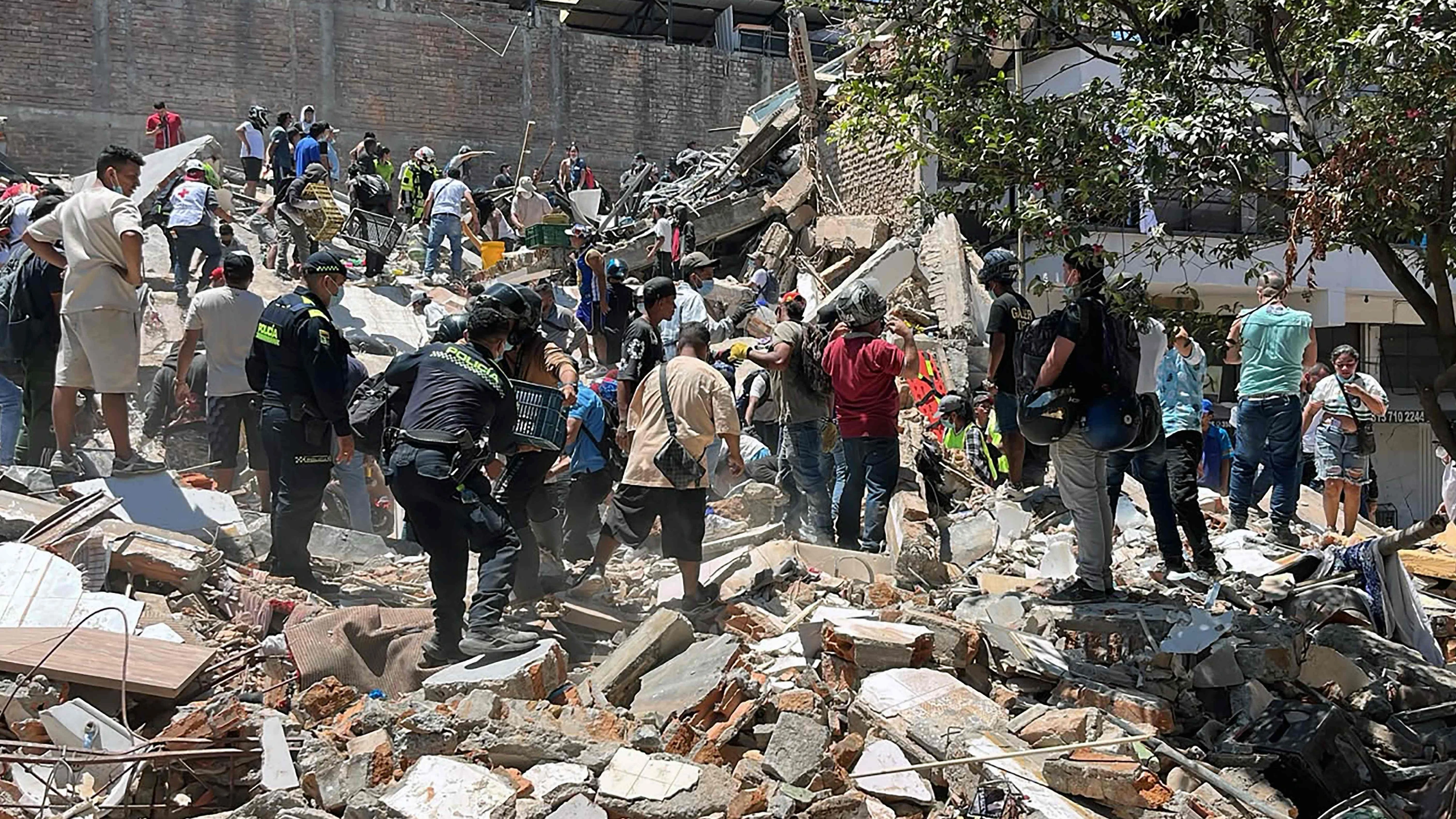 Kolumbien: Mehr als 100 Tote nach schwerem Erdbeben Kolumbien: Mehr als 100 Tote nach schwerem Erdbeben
==
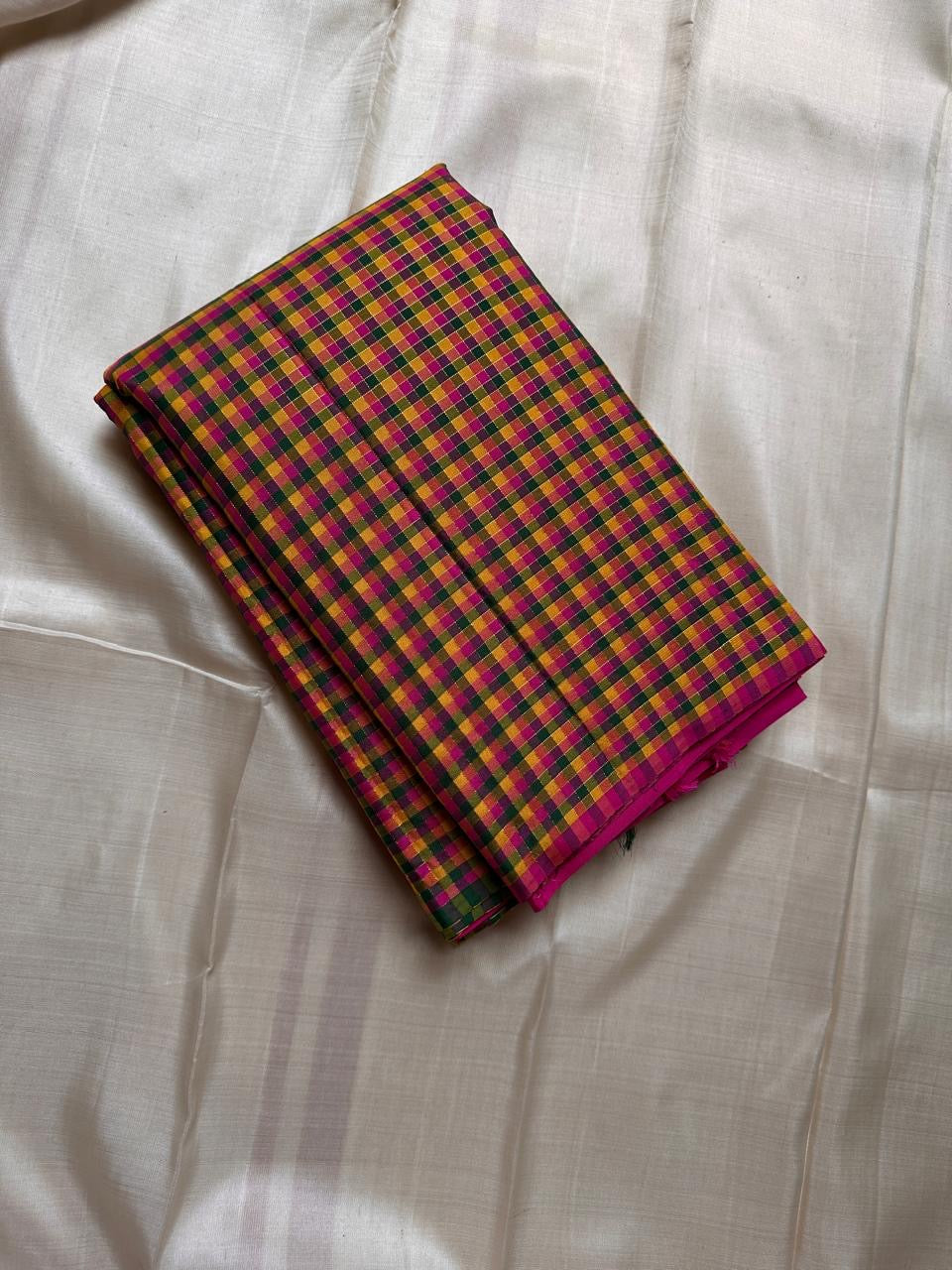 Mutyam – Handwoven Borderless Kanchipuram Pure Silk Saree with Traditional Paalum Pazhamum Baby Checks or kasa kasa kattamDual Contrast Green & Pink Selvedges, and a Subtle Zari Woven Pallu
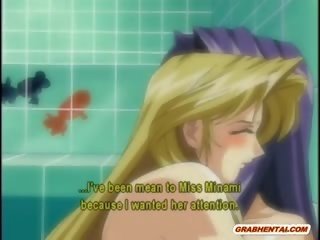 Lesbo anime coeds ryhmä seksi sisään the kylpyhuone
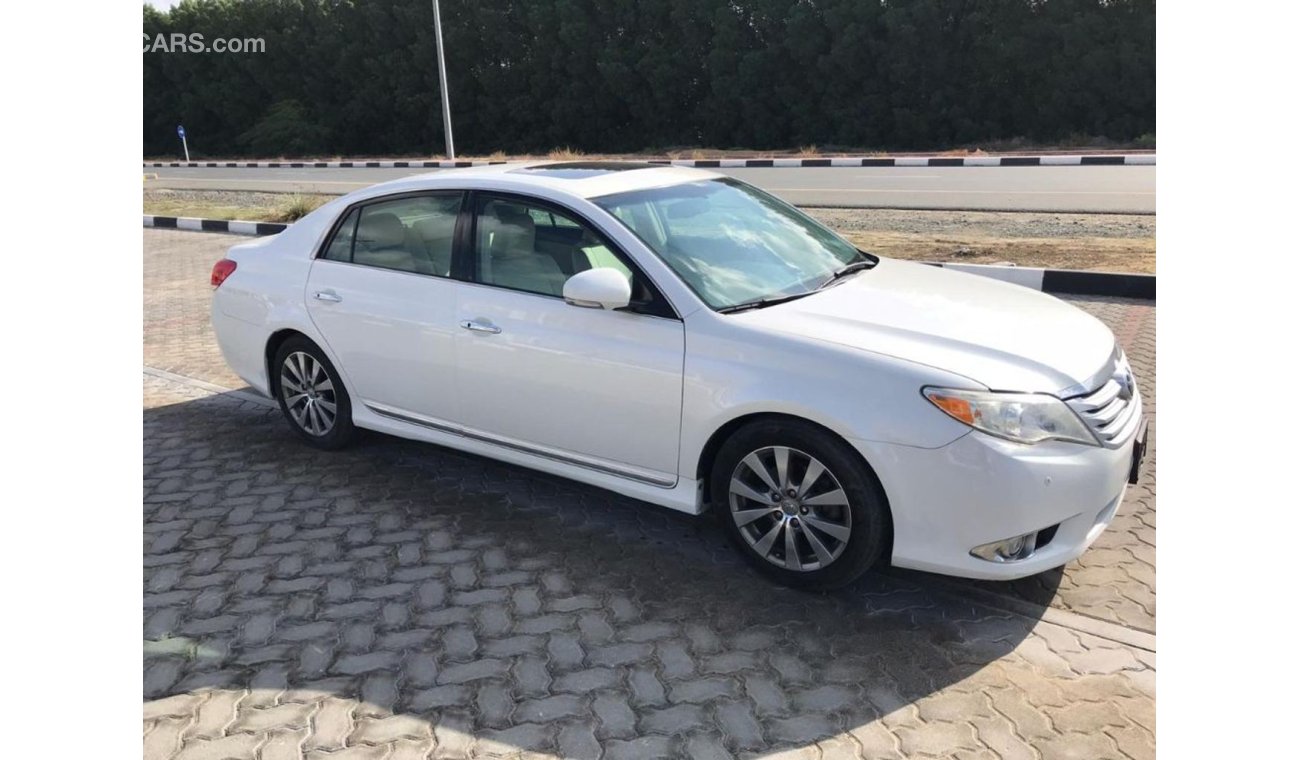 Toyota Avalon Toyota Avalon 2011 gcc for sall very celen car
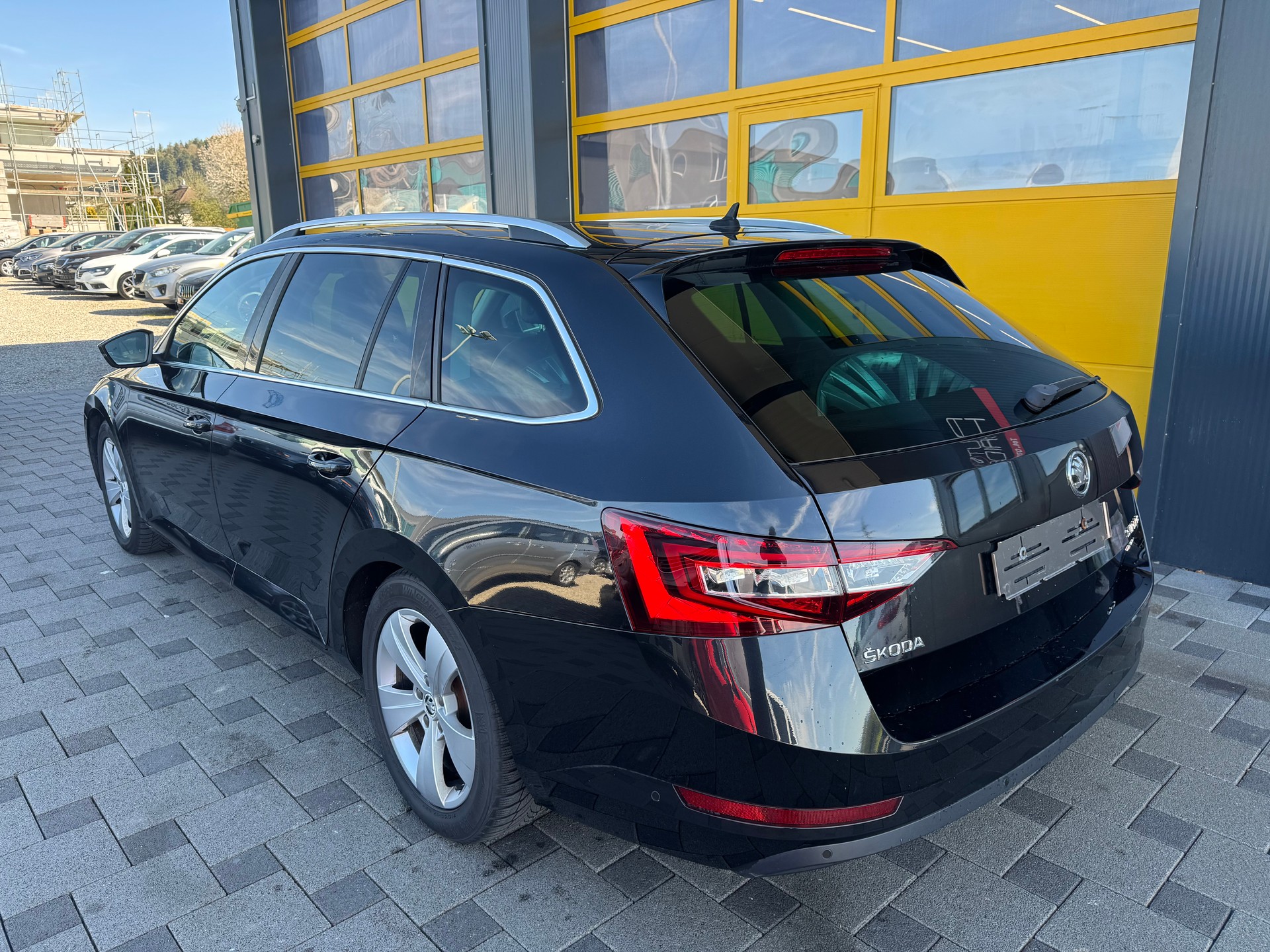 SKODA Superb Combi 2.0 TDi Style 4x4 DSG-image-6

To do
Look above and copy only the lines from the one holding "Lesbo anime coeds" to the one holding "SKODA Superb Combi", both included, exactly, minus the pictures.

Task output
 Lesbo anime coeds ryhmä seksi sisään the kylpyhuone
 Toyota Avalon Toyota Avalon 2011 gcc for sall very celen car
 SKODA Superb Combi 2.0 TDi Style 4x4 DSG-image-6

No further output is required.